When the Supreme Court dismantled a key provision of the Voting Rights Act last June, there were two small silver linings in this decision. The first was the possibility that Congress could revive the regime killed by the Court, where states with particularly poor records of racialized voter suppression must “preclear” their voting practices with the Justice Department or a federal court before those practices can take effect. The second potential silver lining is Section 3 of the Voting Rights Act, which allows a state to be brought back under the preclearance requirement if a court finds that it engaged in “violations of the fourteenth or fifteenth amendment justifying equitable relief.” Now, however, Texas wants to destroy these two silver linings as well. And there is a fair chance that the conservative Supreme Court will allow them to do so.

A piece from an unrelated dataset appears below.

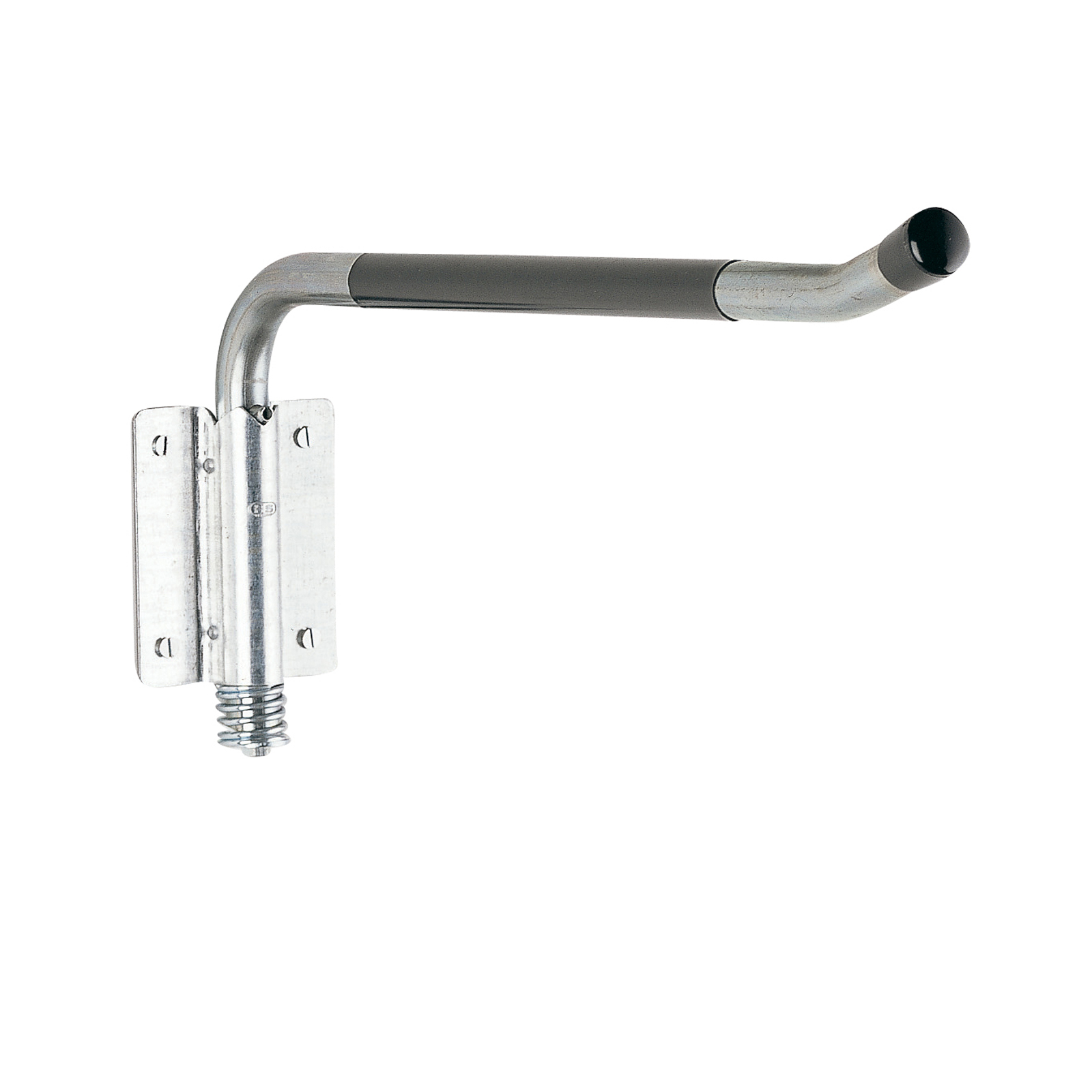 Sprenger salstativ, svinger til begge sider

Late last month, the Justice Department joined a Section 3 lawsuit claiming that federal supervision of Texas’ election practices should be reinstated in light of very recent examples of intentional race discrimination by Texas. Among other things, a federal court found that Texas “consciously replaced many of [a] district’s active Hispanic voters with low-turnout Hispanic voters in an effort to strengthen the voting power of [the district’s] Anglo citizens.” These, the Justice Department explained, were “violations of the fourteenth or fifteenth amendment” justifying federal supervision.
Texas’ response to the Justice Department does not simply reject the idea that it should be subject to preclearance, it calls upon the courts to declare virtually any preclearance regime unconstitutional. According to Texas, the Supreme Court’s decision hobbling the Voting Rights Act “threw out Congress’s reauthorization of a preclearance regime because the legislative record failed to show ‘anything approaching the ‘pervasive,’ ‘flagrant,’ ‘widespread,’ and ‘rampant’ discrimination that faced Congress in 1965, and that clearly distinguished the covered jurisdictions from the rest of the Nation at that time.’” In other words, Texas wants a federal court order saying that any effort to reinstate the Voting Rights Act in Texas is unconstitutional unless Texas transforms into Mississippi at the height of the Jim Crow era.